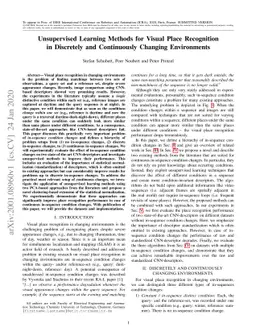 Unsupervised Learning Methods for Visual Place Recognition in Discretely
  and Continuously Changing Environments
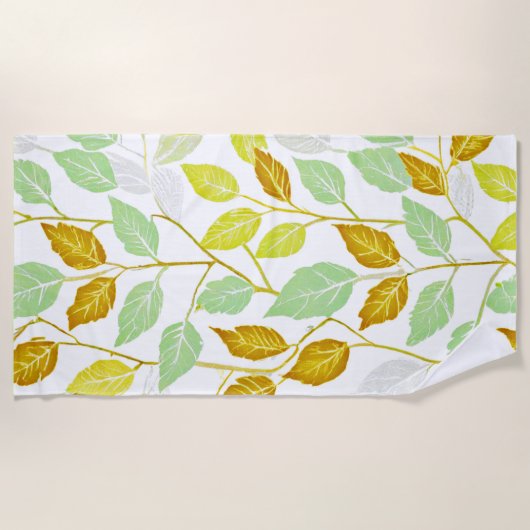 Elegantes, von Natur Inspiriert Leaf-Design Strandtuch (Vorderseite)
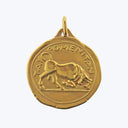 Vintage 18KY Charms Gold Zodiac 'Taurus' Pendant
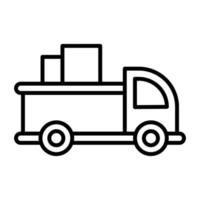 pickup lastbil linje ikon vektor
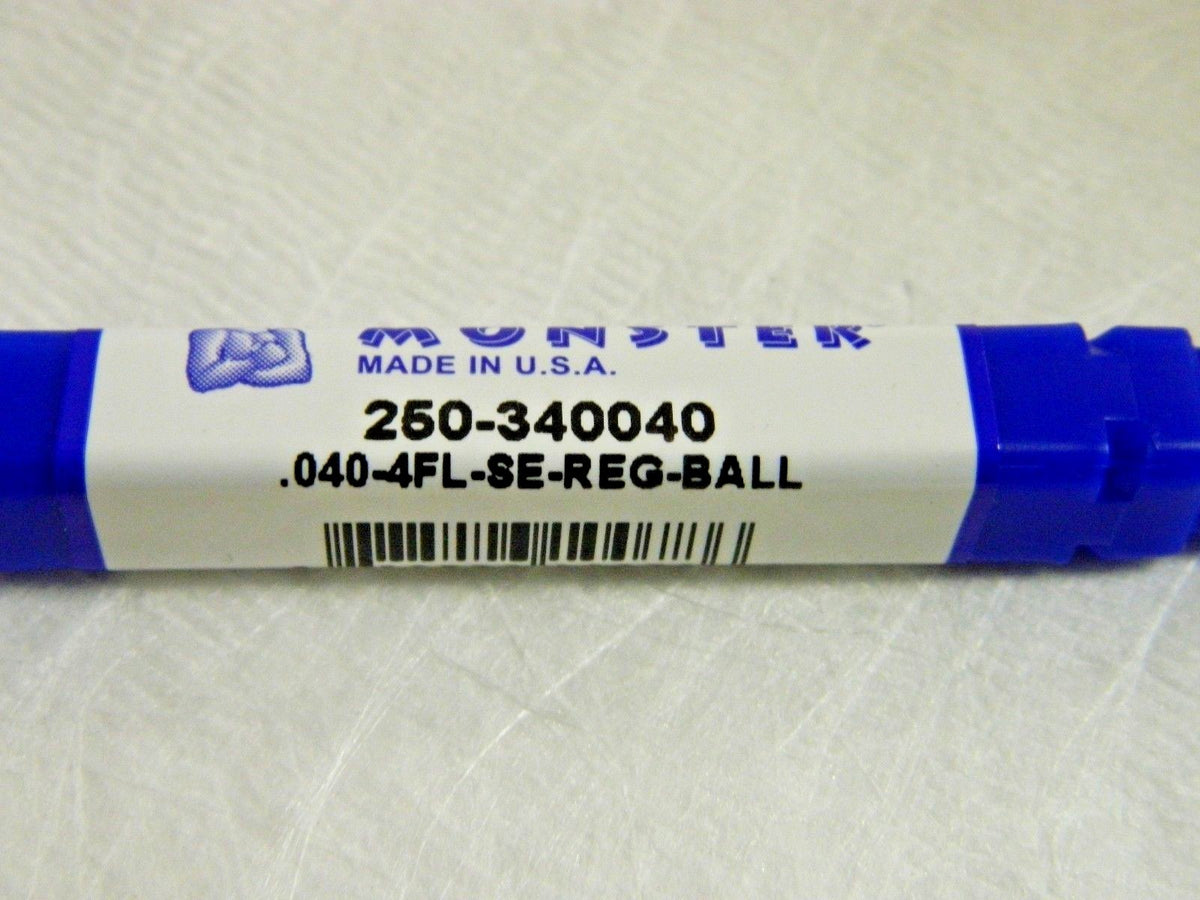 Monster Miniature Carbide End Mills Ballnose 0.040" Dia 4FL Qty 3 250-34004
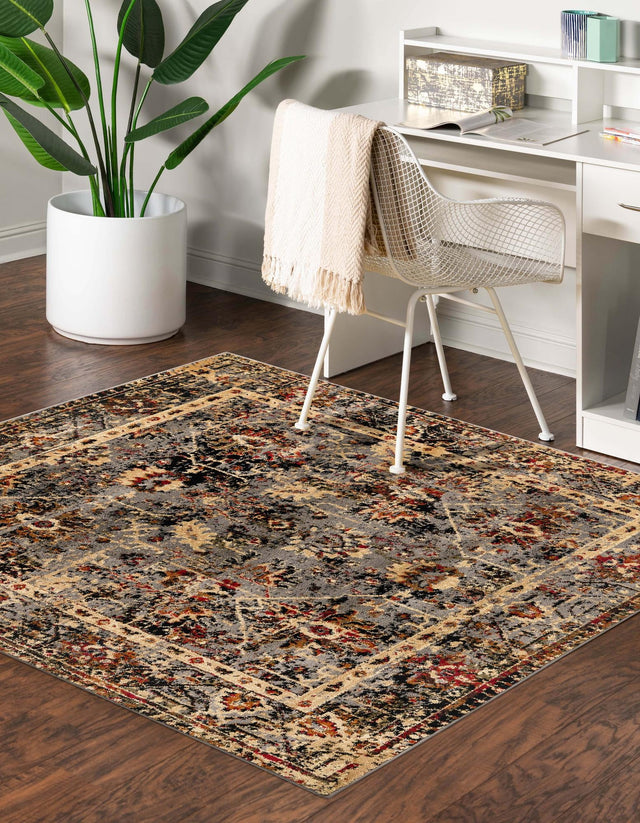 Blue 5' 3 x 5' 3 Saturn Square Area Rug Stain Resistant Easy Clean Classic Vintage Design Durable Carpet for Affordable Home Interiors for Sale at Rug Engine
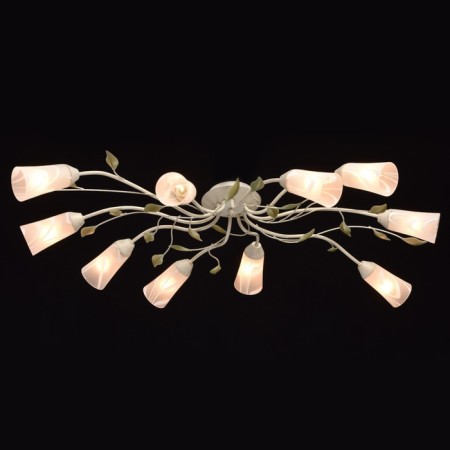 Chandelier "Delight", 10x60W E14, white color, gold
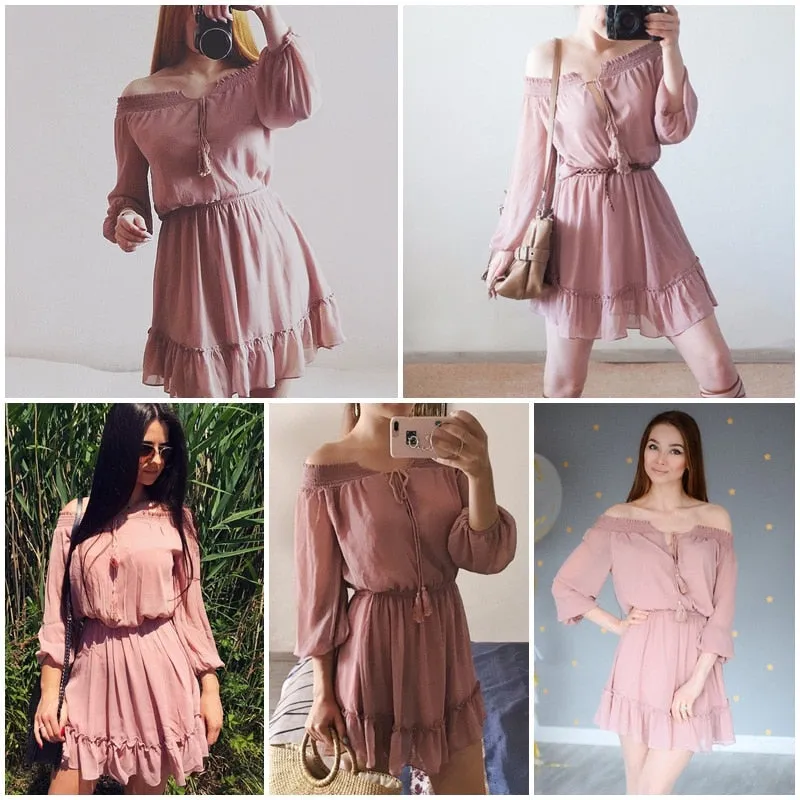 Ruffle Fringe Sexy Off Shoulder Summer Beach Dress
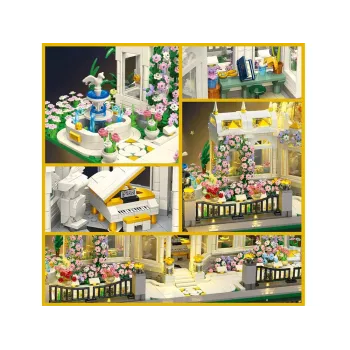 Pałac ogrodowy z ozdobną fontanną i rabatami kwiatowymi z klocków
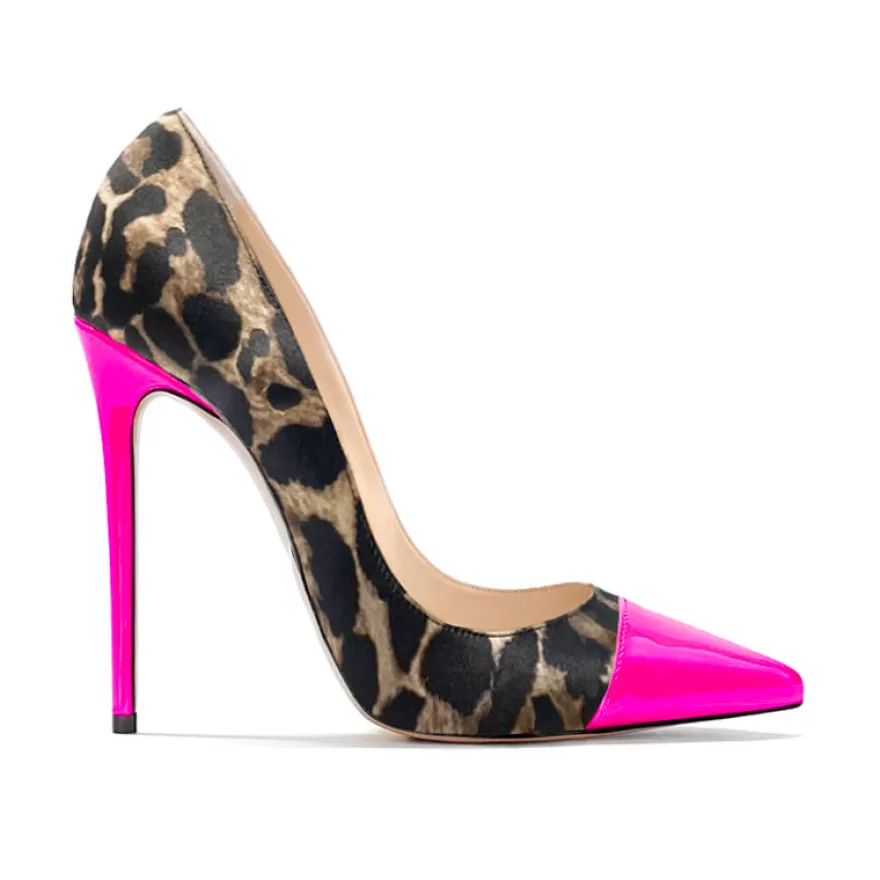 SHARLENE CALZATURE Decollete-Spotted Satin/Fluo Fuchsia Patent Leather Decollete - Cod. 39408 Fuxia Fluo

=-=-=

**BRIEF**
No pictures belong in the answer, only the lines from the top of the listing through the line containing "Blue 5' 3 x", repeated word for word.

**TASK ANSWER**
 Unsupervised Learning Methods for Visual Place Recognition in Discretely
  and Continuously Changing Environments
 Elegantes, von Natur Inspiriert Leaf-Design Strandtuch (Vorderseite)
 Vintage 18KY Charms Gold Zodiac 'Taurus' Pendant
 pickup lastbil linje ikon vektor
 Monster Miniature Carbide End Mills Ballnose 0.040" Dia 4FL Qty 3 250-34004
 Blue 5' 3 x 5' 3 Saturn Square Area Rug Stain Resistant Easy Clean Classic Vintage Design Durable Carpet for Affordable Home Interiors for Sale at Rug Engine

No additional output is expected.